Berenice, The Space, 1500 24 January

****

A publicity photo suggesting the black-and-white romantic difficulties of attractive young people

A publicity photo suggesting the black-and-white romantic difficulties of attractive young people

This adaptation of the tragedy by Racine was really very good.  The basis of the story is that having become Emperor on the death of his father Vespasian Titus feels he has to send away his beloved, the Queen Berenice, for fear of rousing the anger of the populace by marrying a monarch and a foreigner.  Meanwhile, Antiochus, friend and ally of Titus, has for five long years been hiding his own love for Berenice.  In this adaptation, the action is set in an alternate future 2050, as explained in a trailer here.

But for me what really worked was the whole In der Beschränkung zeigt sich erst der Meister thing, with the subsidiary characters conflated into Phenice as a spin doctor and the characters all dressed in black, apart from Berenice who had a red dress.  The one artistic decision I would quarrel with would be emphasising Berenice’s Jewishness, visually at least–she has a Greek name after all.  The direction was wonderfully effective in suggesting the characters struggling and failing to break free of their allotted roles.

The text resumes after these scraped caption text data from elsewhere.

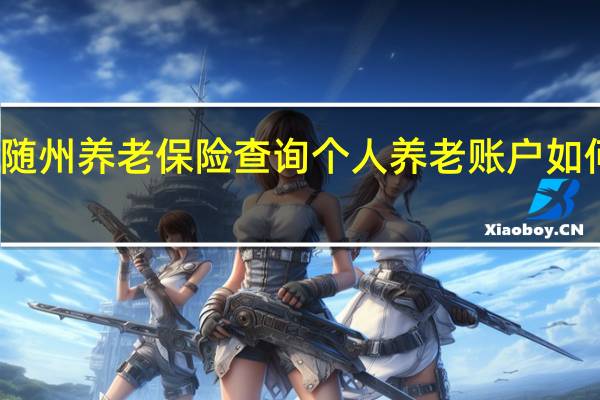随州养老保险查询 个人养老账户如何查询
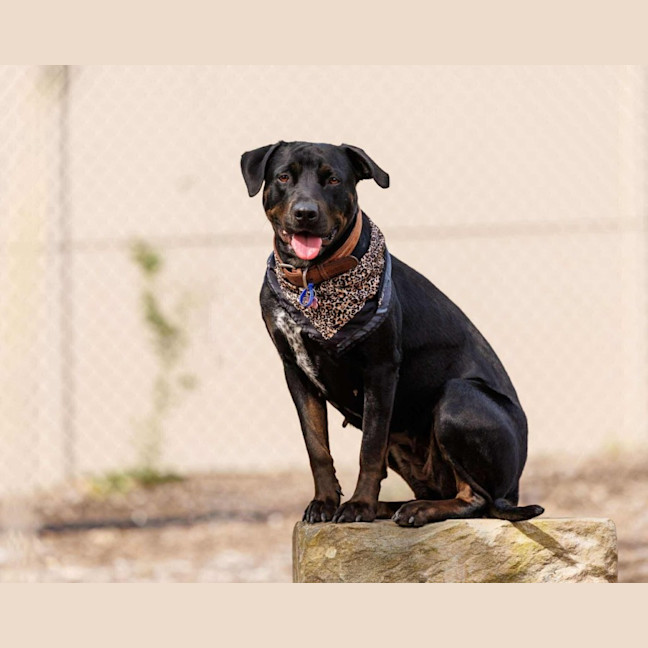 Photo of Macy   2 Year Old Rottweiler X
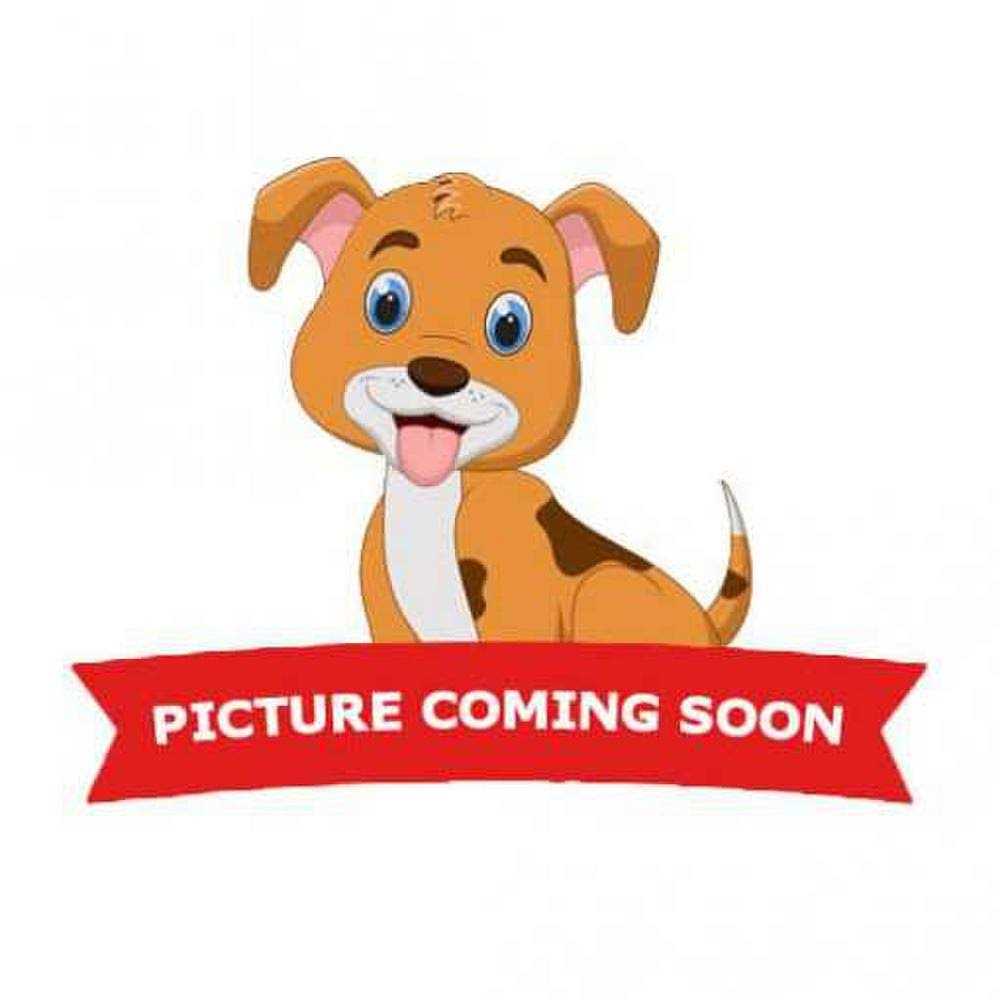 Prestige 15ft XXL Dog Tie-Out - Nail Gallerys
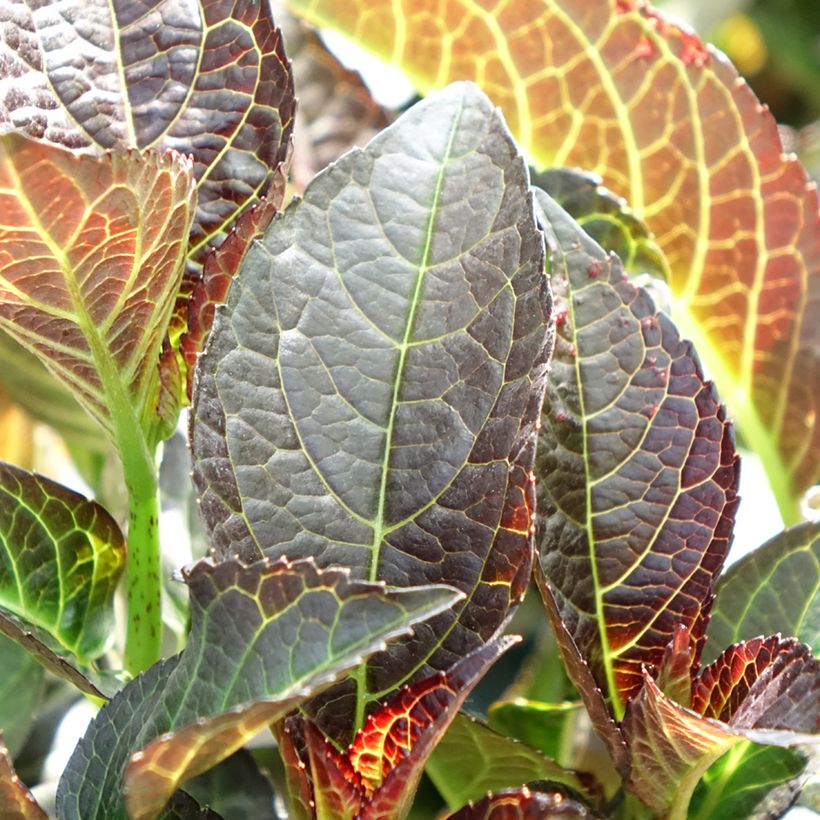Hortensia - Hydrangea macrophylla Midnight Pearl (Foliage)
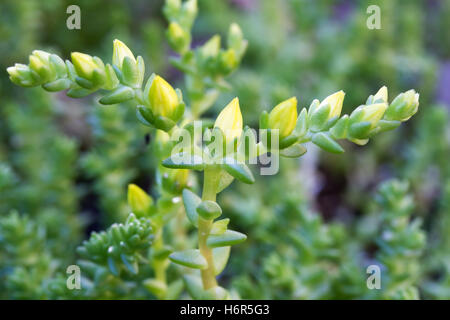 Tasteless stonecrop sedum sexangulare () Banque D'Images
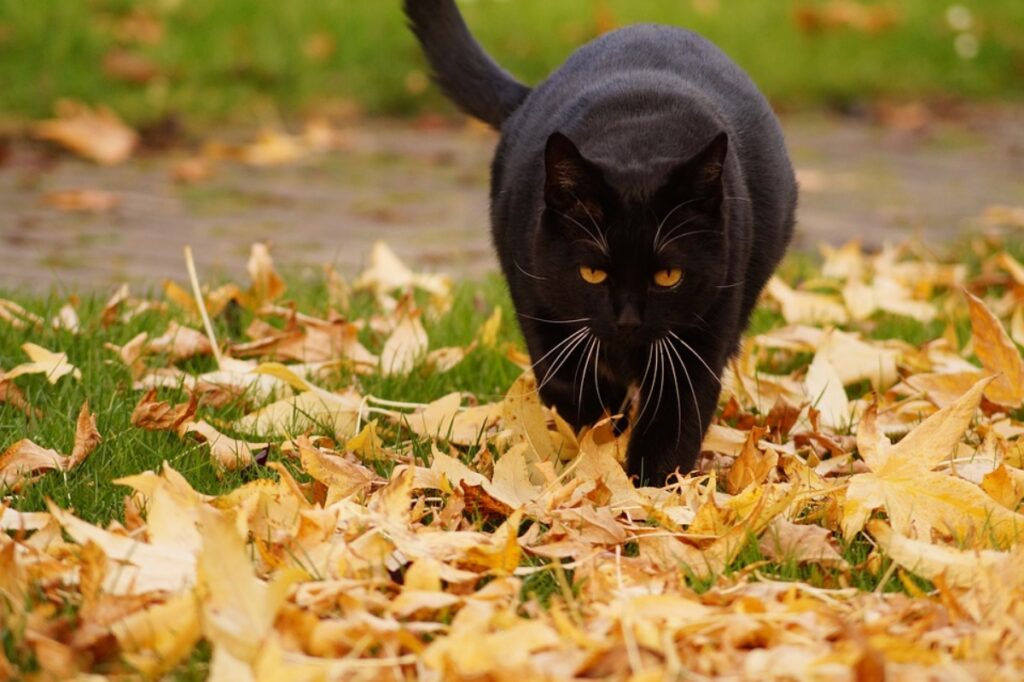 gatto nero foglie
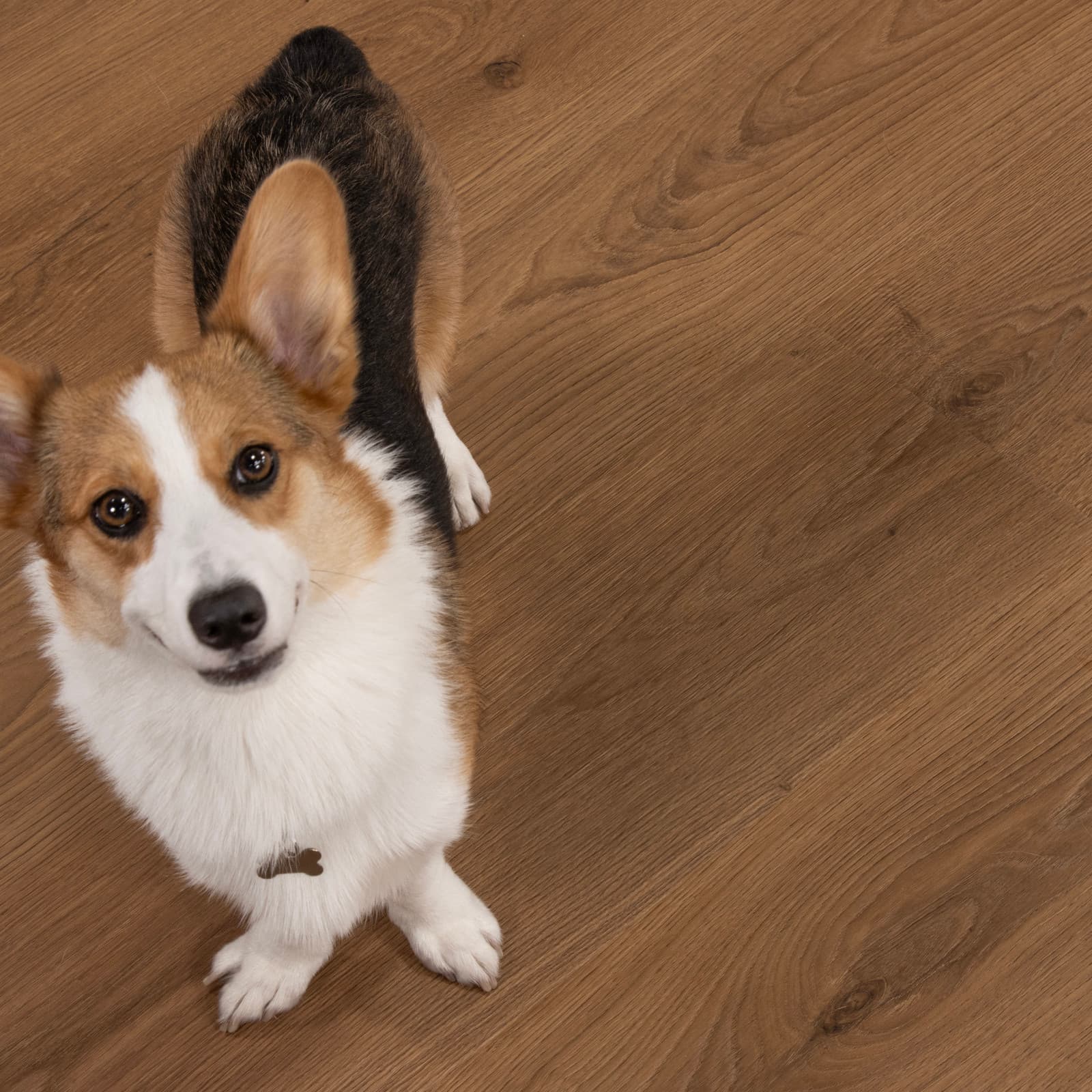 CALI Montara Oak Laminate Top Layer with High Density Wood Core Flooring Mavericks Collection - view 3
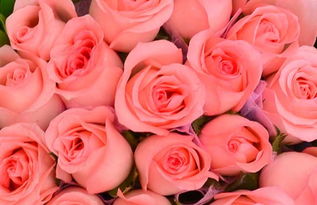 粉玫瑰花语和不同朵数所代表的意思 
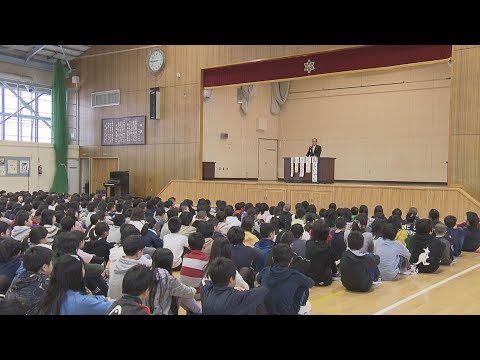 動画
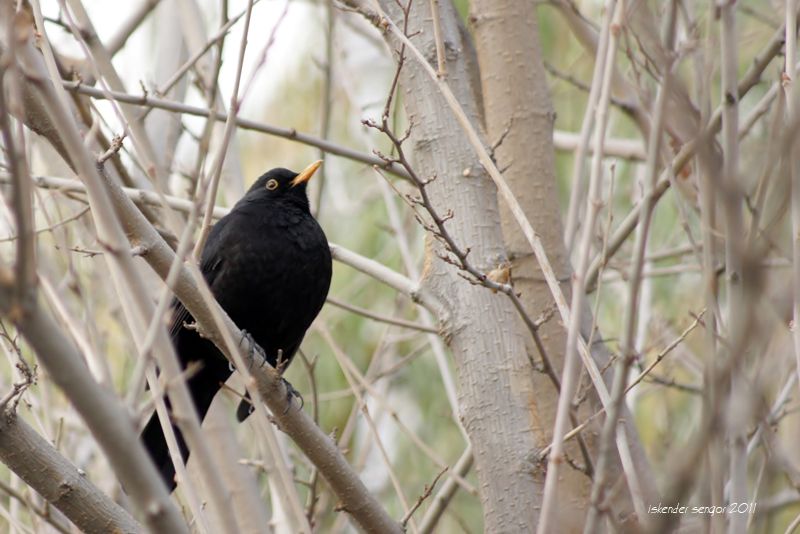 Common Blackbird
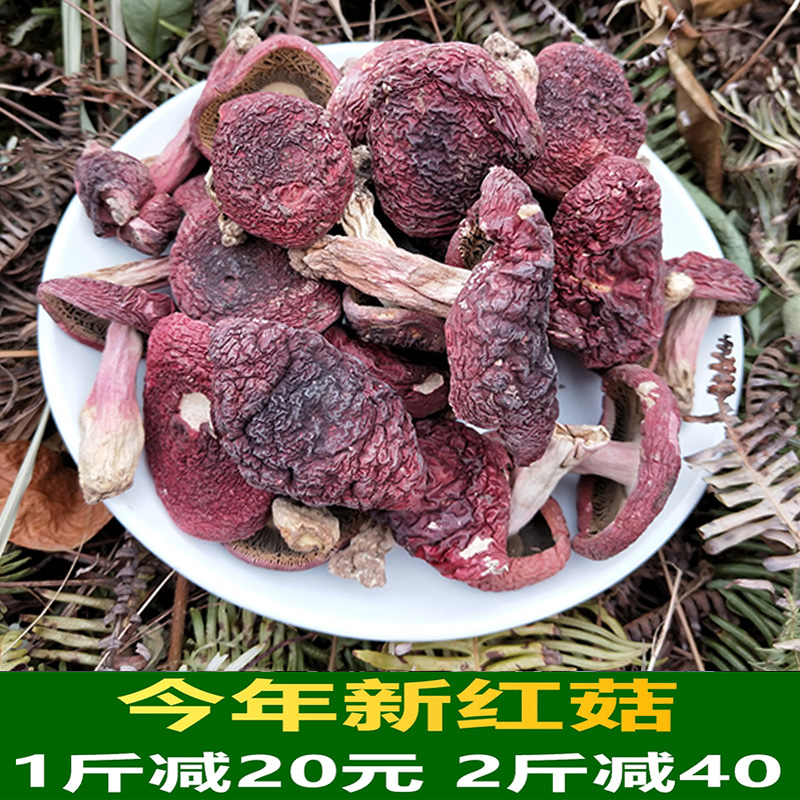 福建客家人正宗深山农家野生红菇干货月子中朵红菇250g包邮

I also enjoyed the translation by director Fay Lomas, while also trying to work out whether it was isosyllabic, in sprung rhythm, or what.  In fact, she produced some very effective lines by making something more concrete (and so English) out of the Racinian:

Que le jour recommence, et que le jour finisse,
Sans que jamais Titus puisse voir Bérénice,
Sans que de tout le jour je puisse voir Titus?

and

Je sais que tant d’amour n’en peut être effacée;
Que ma douleur présente et ma bonté passée,
Mon sang, qu’en ce palais je veux même verser,
Sont autant d’ennemis que je vais vous laisser;
Et, sans me repentir de ma persévérance,
J e me remets sur eux de toute ma vengeance.

Among the actors, I especially appreciated Ally Manson as Antiochus, bent this way and that by a cruel fate, while I felt that our Berenice could usefully have shown more reaction on first hearing of her dismissal, stood up straighter and generally given the impression of someone (a queen or an actress) used to living with the eyes of the public on her–but she was also very touching in many of the later scenes.

A pity that this didn’t have a longer run!